**About this task:** Repeat the listing exactly. The images do not belong in the copy.

**Information shown:**
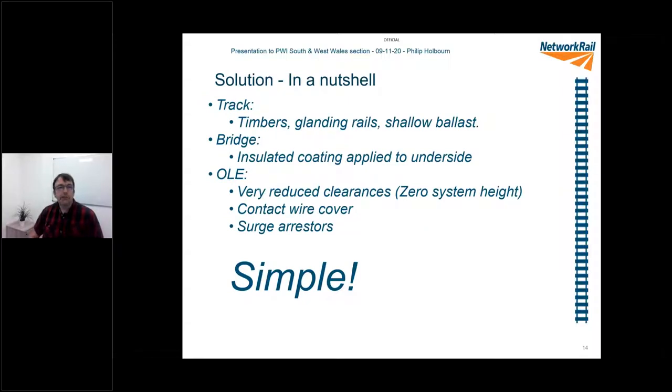In a nutshell, we came up with a system. For the track, we shrunk it down — put shallow ballast in, used timbers which are a bit shallower, used landing rails to improve track stiffness as a mitigation for the timbers and shallow ballast. For the bridge, we put an insulated coating on the underside — that massively cuts down the requirement for 270mm because there's no longer a path to earth; the bridge itself is no longer a metal conductor, so electricity can't arc up to it. For the OLE system itself, we squeezed the tolerances down at every single place we possibly could. We put a contact wire cover on top to prevent birds sitting there and to help with bridge clearance. Very reduced clearances, which required a whole safety case and a lot of extra work. And we put a surge arrestor on.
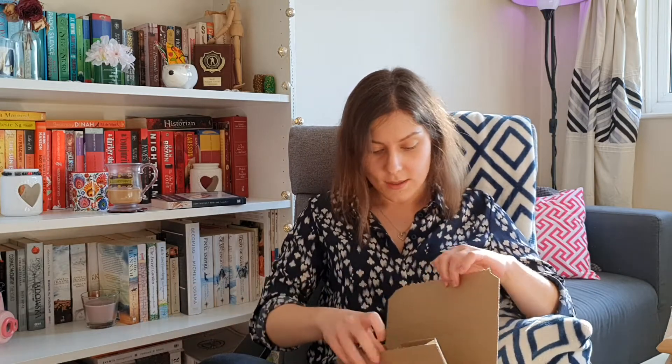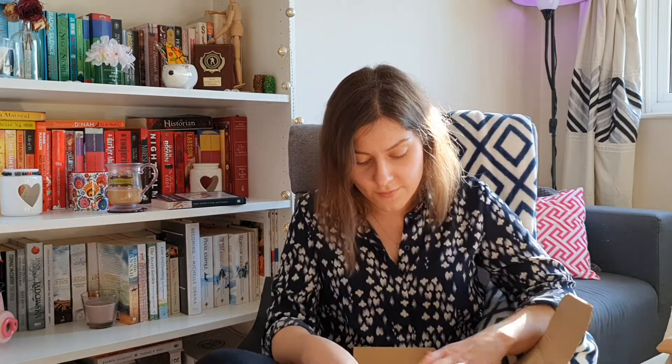Moving on to the next books. There are two books in this box and they are the two classics that I wanted to read.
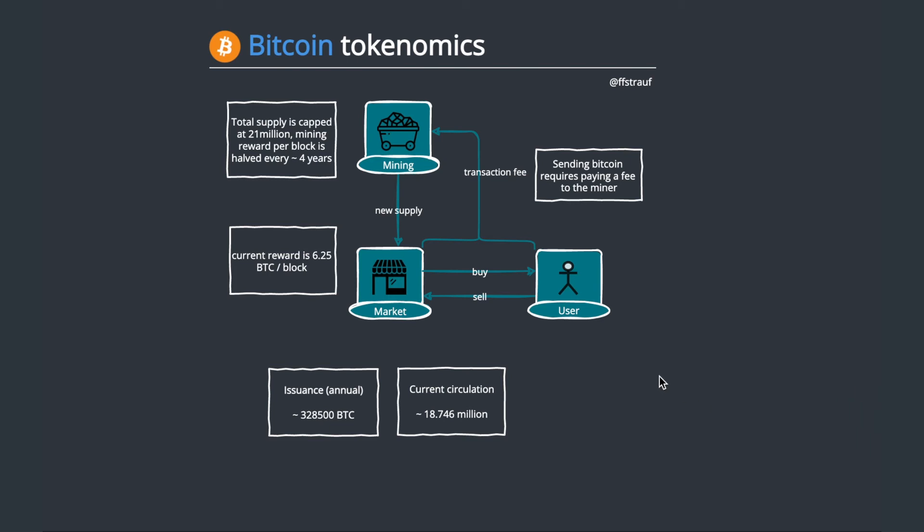That new supply is introduced to the market, and users, investors, or holders of Bitcoin can buy and sell it from each other or off exchanges. Whenever they do so, they pay a fee, and that fee goes to miners. So miners are partly paid by inflation through block rewards and partly by transaction fees.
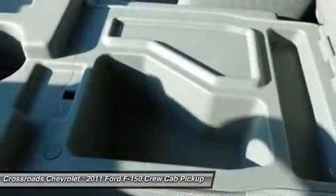Driver vanity mirror, passenger vanity mirror, front reading lamps, rear reading lamps.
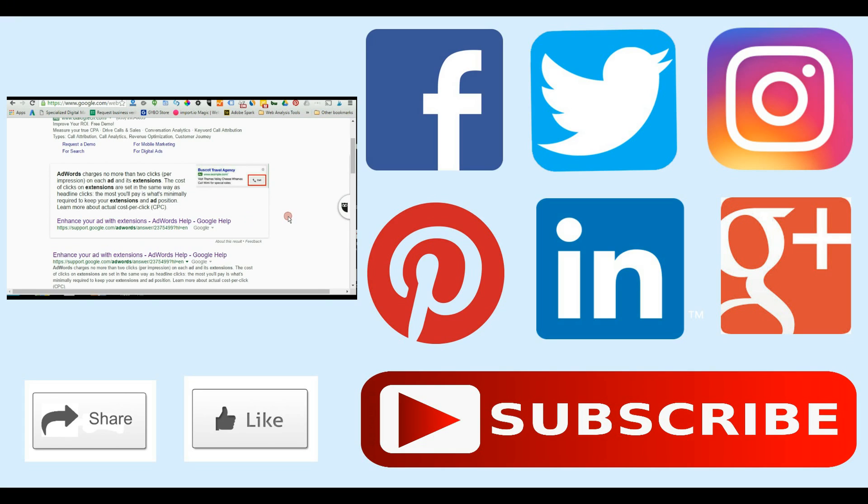Hi, this is Mike Johnston, and the question today is: what are AdWords ad extensions? If you're just getting into using AdWords, ad extensions can be great tools. The simple definition is that AdWords charges no more than two clicks per impression on each ad and its extensions. The cost of clicks on extensions are set in the same way as headline clicks — the most you'll pay is...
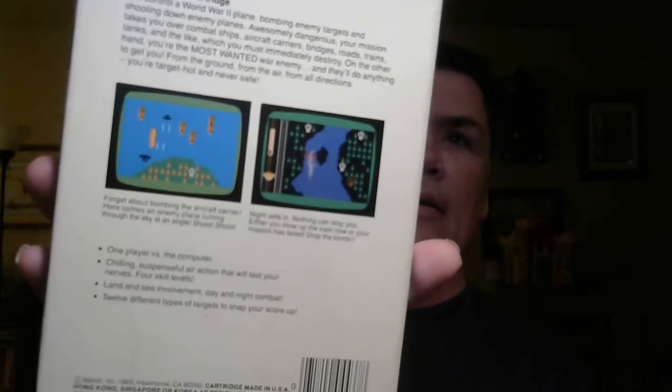And if you have played Mission X, let me know, because it looks like a shooter. If you look on the back — I'm going to get my glasses so I can read it — you control a World War II plane, bombing enemy targets and shooting down enemy players. So yeah, it looks like it's a shooter, and I like my shooters. That will be fun to play.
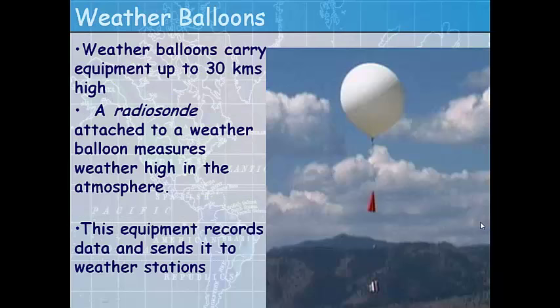Weather balloons are another instrument used to gather weather information. They carry equipment up to 30 kilometers into the atmosphere. A radiosonde is attached to a weather balloon and measures weather high in the atmosphere, recording data and sending it back to weather stations all over the country. The balloon is very large with a tether and flag attached to the bottom to make it easy to see, and the radiosonde is the small computer at the bottom that gathers and transmits weather information.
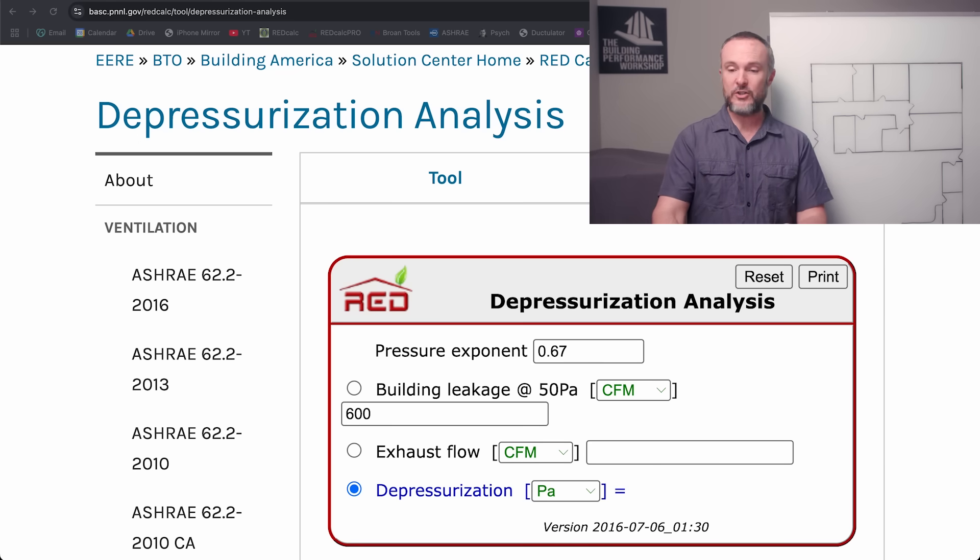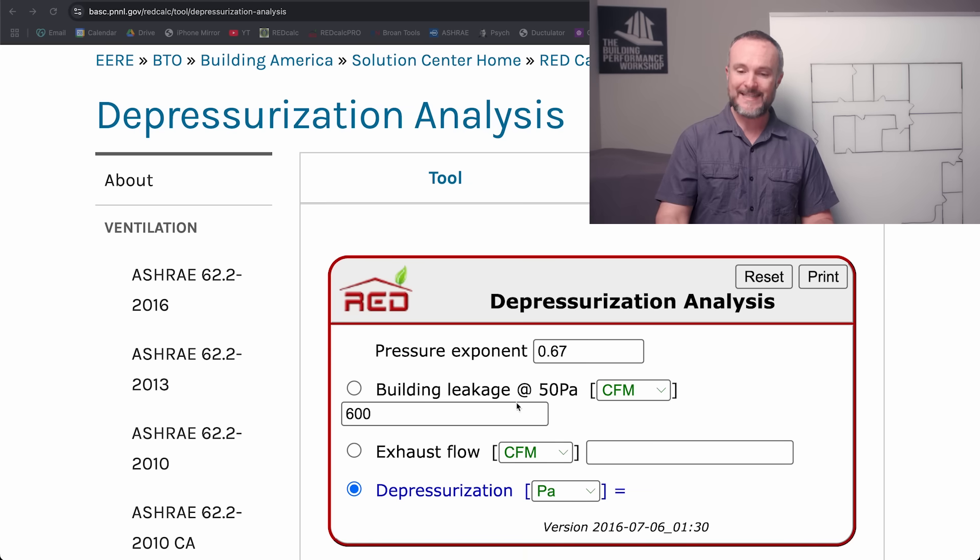So let's imagine a 2,000 square foot house. When we come over to our handy calculator here — Red Calc, owned by the Department of Energy, inside the Building America Solution Center, linked in the description — you can see in the depressurization analysis calculator we have a building leakage at 50 pascals of 600. That is a 2,000 square foot house with nine-foot ceilings: 2,000 times 9 is 18,000 cubic feet. Divide by 60, and you get the 1 ACH50 number — 300 CFM50. We're aiming for 2 ACH50, which is 600 CFM50.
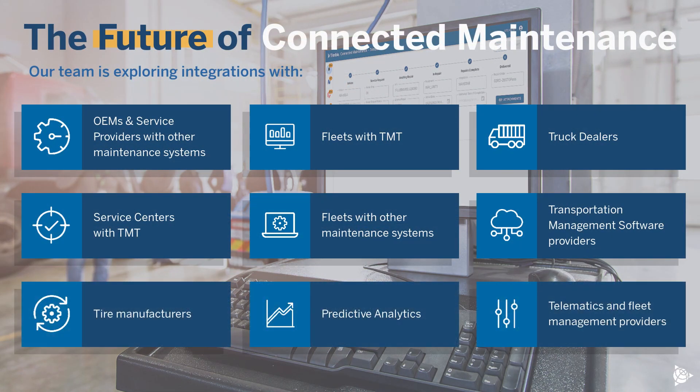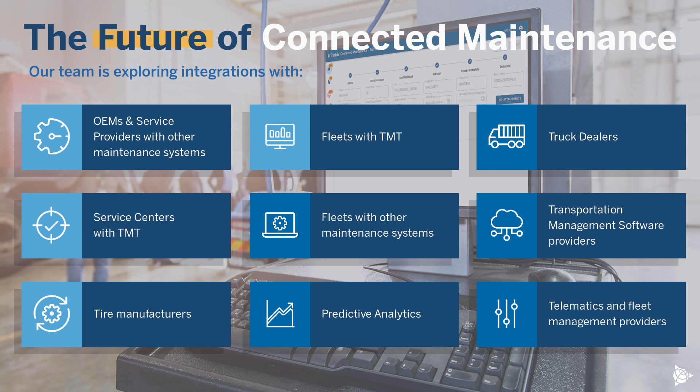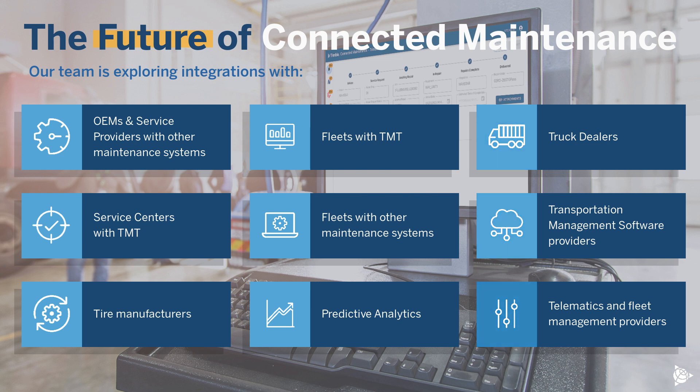Our team is exploring integrations with OEMs and service providers with other maintenance systems, service centers with TMT, tire manufacturers, fleets with TMT, fleets with other maintenance systems, predictive analytics, truck dealers, transportation management software providers, and telematics and fleet management providers.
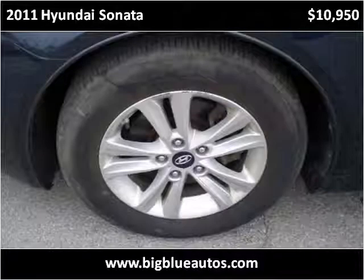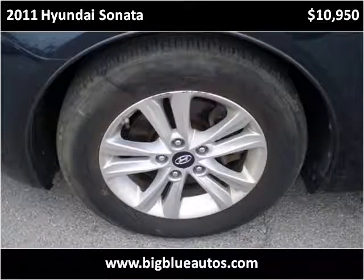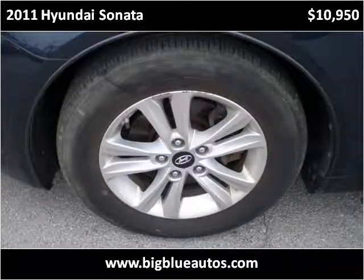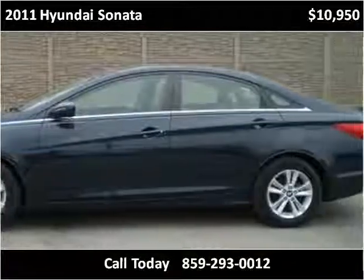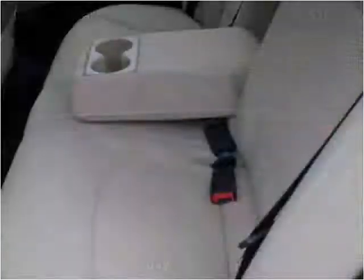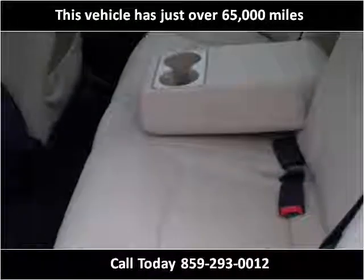This 2011 Hyundai Sonata is available from Big Blue Autos. This vehicle has just over 65,000 miles.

**Task answer:**
In a nutshell, we came up with a system. For the track, we shrunk it down — put shallow ballast in, used timbers which are a bit shallower, used landing rails to improve track stiffness as a mitigation for the timbers and shallow ballast. For the bridge, we put an insulated coating on the underside — that massively cuts down the requirement for 270mm because there's no longer a path to earth; the bridge itself is no longer a metal conductor, so electricity can't arc up to it. For the OLE system itself, we squeezed the tolerances down at every single place we possibly could. We put a contact wire cover on top to prevent birds sitting there and to help with bridge clearance. Very reduced clearances, which required a whole safety case and a lot of extra work. And we put a surge arrestor on.
Moving on to the next books. There are two books in this box and they are the two classics that I wanted to read.
That new supply is introduced to the market, and users, investors, or holders of Bitcoin can buy and sell it from each other or off exchanges. Whenever they do so, they pay a fee, and that fee goes to miners. So miners are partly paid by inflation through block rewards and partly by transaction fees.
Driver vanity mirror, passenger vanity mirror, front reading lamps, rear reading lamps.
Hi, this is Mike Johnston, and the question today is: what are AdWords ad extensions? If you're just getting into using AdWords, ad extensions can be great tools. The simple definition is that AdWords charges no more than two clicks per impression on each ad and its extensions. The cost of clicks on extensions are set in the same way as headline clicks — the most you'll pay is...
And if you have played Mission X, let me know, because it looks like a shooter. If you look on the back — I'm going to get my glasses so I can read it — you control a World War II plane, bombing enemy targets and shooting down enemy players. So yeah, it looks like it's a shooter, and I like my shooters. That will be fun to play.
Weather balloons are another instrument used to gather weather information. They carry equipment up to 30 kilometers into the atmosphere. A radiosonde is attached to a weather balloon and measures weather high in the atmosphere, recording data and sending it back to weather stations all over the country. The balloon is very large with a tether and flag attached to the bottom to make it easy to see, and the radiosonde is the small computer at the bottom that gathers and transmits weather information.
So let's imagine a 2,000 square foot house. When we come over to our handy calculator here — Red Calc, owned by the Department of Energy, inside the Building America Solution Center, linked in the description — you can see in the depressurization analysis calculator we have a building leakage at 50 pascals of 600. That is a 2,000 square foot house with nine-foot ceilings: 2,000 times 9 is 18,000 cubic feet. Divide by 60, and you get the 1 ACH50 number — 300 CFM50. We're aiming for 2 ACH50, which is 600 CFM50.
Our team is exploring integrations with OEMs and service providers with other maintenance systems, service centers with TMT, tire manufacturers, fleets with TMT, fleets with other maintenance systems, predictive analytics, truck dealers, transportation management software providers, and telematics and fleet management providers.
This 2011 Hyundai Sonata is available from Big Blue Autos. This vehicle has just over 65,000 miles.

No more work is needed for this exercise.